Internal and external brand alignment

Two sides. One coin. That’s brand alignment

They say that nothing kills a bad product faster than good advertising. They’re right. You can spend millions on hiring the most creative ad agencies, producing the most memorable adverts and broadcasting those ads far and wide, but if you don’t pay attention to what’s happening under your nose, you’re toast.

Customers are generally smart. But with internal and external brand alignment, customers can be as thick as planks and they’ll still catch you out when what you promise isn’t what you deliver.

You say that all calls are answered within five rings. Then answer them within 5 rings. You say there’s a discounted iPad with every account. Then deliver that iPad timeously. You say that your product is the fastest, oldest, strongest, cheapest, sharpest or cleverest. Then make damn sure it is the fastest, oldest, strongest, cheapest, sharpest or cleverest. Better yet, don’t say it until you know it’s true!

Why? Because customers forgive a lot of things but they don’t forgive liars. And they hate being made to look like fools. So when you make a promise to your marketplace, keep it.  If, after talking to your company or buying your product, your customer is left disappointed or feeling duped, he’ll let everybody and his brother know. Believe it.

In our world of Twitter and Facebook (not to mention consumer sites like HelloPeter), news travels fast.

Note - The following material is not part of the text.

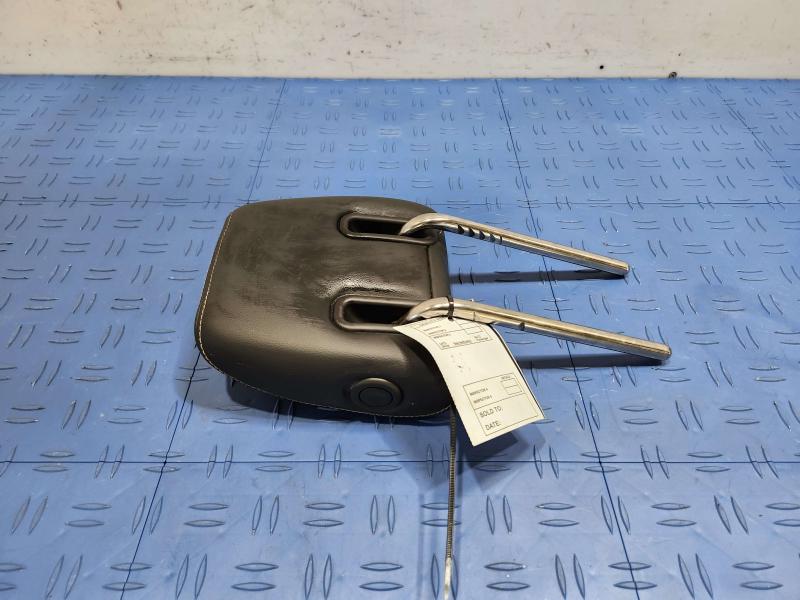 2017 GMC Acadia Headrest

The reputation of your brand can soar or crash almost instantly. And as more and more of our lives are spent online, that speed will only become faster.

So it’s essential for your brand to be internally and externally aligned. Work with your sales force, customer service, tech-support, upper management and even your customers to establish a single-minded, unified approach to the way you do business. Make sure that when your CFO talks to the financial press and when your cashier talks to your customer, both stay on-message.

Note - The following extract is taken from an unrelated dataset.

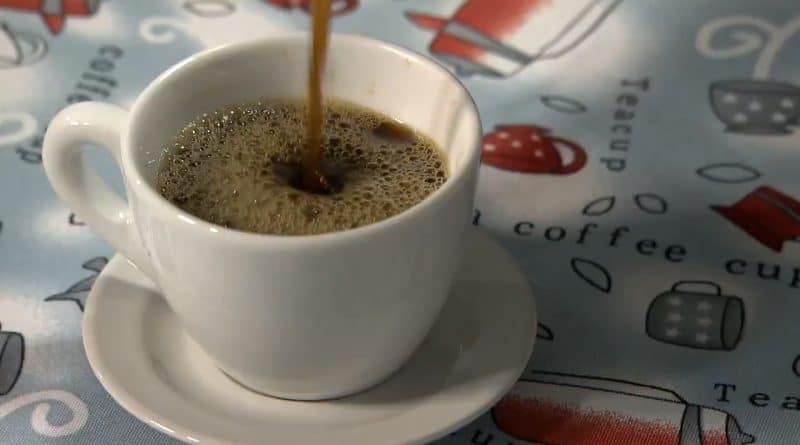 Entenda a diferença entre 'café que bebe e café que não bebe'.mp4_snapshot_04.44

Staff buy-in to the brand and what it stands for is crucial to alignment. Employees who believe are your finest ambassadors. Employees who feel frustrated and unhappy are assassins.  So how you hire, treat and train your staff is crucial to building a consistent brand. Involve your staff in the branding process – and they will reward you by becoming more involved.

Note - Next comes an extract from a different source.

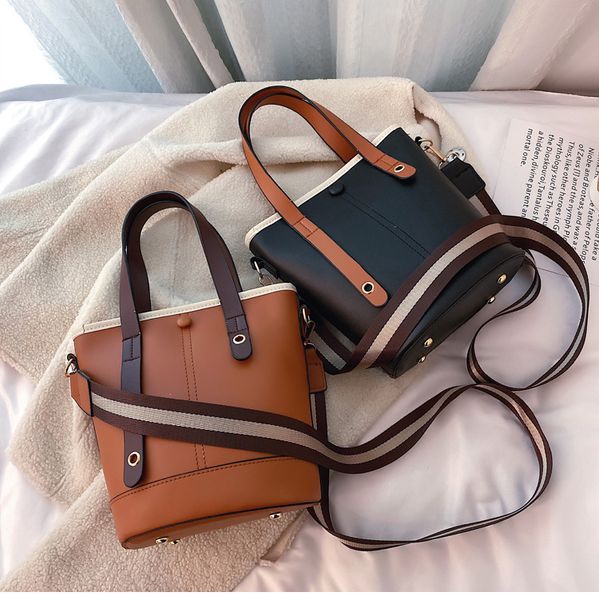 cross-border retro bucket bag messenger bag 2019 new wave of female high-capacity broadband network red handbag fashion wild
cross-border retro bucket bag messenger bag 2019 new wave of female high-capacity broadband network red handbag fashion wild
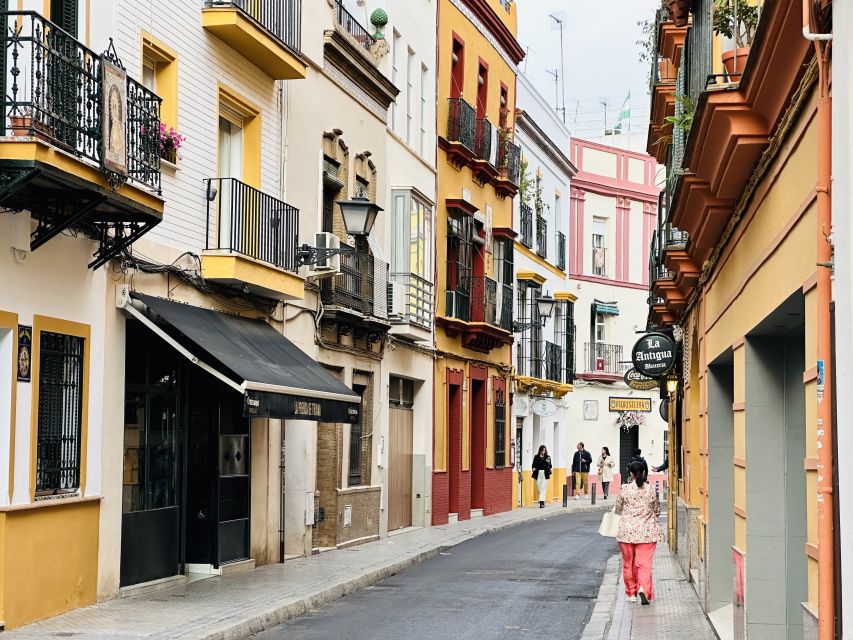 Seville FullDay Tour: Alcázar, Cathedral + Triana & Flamenco - Plaza de España Start: Getting Your Bearings Fast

So when they answer the phone, and there is a complaint, your staff won’t dismiss it as, “Oh, that’s just the ad campaign, ma’am. That’s not how we do things. Lol!”

Instead, your staff will feel personally involved and help fix the issue. Whatever it is.

Now that’s brand alignment.
Hilton Rose
Your Brand Agency | Director
linkedin.com/in/hiltonrose | Skype: hilton293

Tuesday 10 July 2012

Dave. He’s why branding is so important

 
Dave. He’s why branding is so important
Dave is the guy that you’ve known all your life. You remember the first time you met. It was the seventies.  He wore brown tracksuits. But there was something special about him. He stood out, even though everyone, even you, was wearing brown tracksuits.
And though you grew up, graduated, got a job, Dave was always there. He stayed with you. Sure, he changed with the times. Everybody did. His hairstyles stayed current. His clothes stayed sharp. He even learnt to dance like a robot.
But there was something solid about him. You were always able to recognise him as the Dave you’d always known. You knew that, whatever happened, you could rely on Dave to deliver on his, well, “Dave-ness”.
Dave is Coca-Cola. Every time you shared a Coke with a friend or watched a Coke ad in a darkened cinema or saw a Coke sign mounted above your local cafe, you’ve spent time with a brand you’ve known all your life. A brand you’d probably call a friend. In fact, a brand you’ve spent so much time with, it’s almost part of your family.
That’s why branding is important.
Because when Coca-Cola came up with New Coke or Cherry Coke, and it didn’t quite work, you cut it some slack. Just as you might a friend who didn’t quite get that latest look just right.
Because even when, in that famous blind-taste test, Pepsi beat Coke on the basis of pure flavour, you didn’t run off with the new, hot thing. OK, Dave might not be the handsomest kid on the block anymore, but he’s still your Dave. He’s the one you’ve shared a life-long friendship with.
And because even when people tell you that when Coke was really, really young, it mixed cocaine into its cool drink, you forgave that too. Hell, everyone does crazy stuff when they’re young.
So why is that you are so accommodating? Because Coke is Coke and Dave is Dave.  And just like Dave’s always stuck with you, well, you’ll always stick with him.
Because over the years, over ALL the years, Dave has always been consistent. You know that whatever he does in the future, whatever products and services he offers under the name of his brand, and chances are you’re still going to be his friend.
And that’s what makes branding so important. It’s about creating an identity that people can trust and rely upon, an identity so special that people will celebrate its successes and forgive it its failures - whether it’s a guy called Dave or the world’s largest cola.